“What we are seeing today,” said William Barr last week before the Senate Judiciary Committee, “is an extreme … effort to take the judicial rules and standards applicable in the domestic law enforcement context and extend them to the fighting of wars.” Mr. Barr is referring to the current effort to treat Guantanamo detainees like American criminals, with full access to our courts. We agree with the former attorney general that “nothing could be more farcical, or more dangerous.”
If the critics are right, and detained terrorists have an inalienable right to access U.S. courts, then they have created a new standard — one which has no precedent in the Geneva Conventions, the Constitution or U.S. history. Even worse, as Mr. Barr suggested, it is a standard that would effectively make victory in the war on terror impossible.
“For every platoon of combat troops, the United States would have to field three platoons of lawyers, investigators and paralegals,” Mr. Barr said. “Such a result would inject legal uncertainty into our military operations, divert resources from winning the war into demonstrating the individual ‘fault’ of persons confronted in the field of battle.”
The critics, who are currently enjoying an increase in support from the right, of course couch their radical stance in terms of due process, as if what they are asking is the most ordinary thing in the world. And indeed, for American citizens it is. But never has the United States granted detained combatants this right. During World War II, for instance, the United States held hundreds of thousands of prisoners of war without charge, without legal representation and without a means to contest their designation as legal combatants taken on the battlefield.
This history conforms with the Geneva Conventions, as long as the detainee qualified as a legal combatant. If not, a detainee’s rights as defined in the Geneva Conventions are considerably less. The reasons for this are simple. Article 4 of the convention on treatment of prisoners of war identifies a legal combatant as someone who fights under a recognized state which adheres to the Geneva Conventions; wears a fixed insignia or uniform; carries his arms openly; and conducts operations in accordance with the laws of war — which rules out terrorists.
As the administration rightly determined after the invasion of Afghanistan, Taliban and al Qaeda terrorists fail to meet any of these standards. Therefore, they are illegal combatants and not protected as prisoners of war in the Geneva Conventions. A soldier is different from a terrorist because a soldier is supposed to follow certain rules; terrorists are not — and the Geneva Conventions acknowledge this difference. If they did not, then there would be no incentive for soldiers to adhere to Article 4.

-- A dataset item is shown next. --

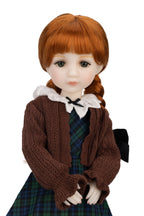 Doll with red hair styled in pigtails, wearing a brown sweater and plaid skirt on a white background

Even if, for the sake of argument, we accepted that terrorists are POWs, they would still not be entitled to adjudicate their case before a U.S. court. There is nothing in the Geneva Conventions that requires or even considers such an option. The conventions do say that a POW is subject to the laws of the “Detaining Power” — yet the Constitution does not say anything about allowing combatants access to U.S. courts.
Last year the Supreme Court acknowledged that this war is different, and that determining a combatant, legal or otherwise, is not as simple as it used to be. Lower courts are divided on how to interpret this decision, but the fact is that every Guantanamo detainee has had a chance to contest his detention as a combatant before a military tribunal. It’s enough for now just to note that this is beyond what the Geneva Conventions require for a POW.
“Not good enough,” insist the critics, who want nothing less than full constitutional rights bestowed on foreign enemies of the United States. The Geneva Conventions do not acknowledge such a right, the Constitution does not acknowledge such a right, so why would this administration acknowledge such a right?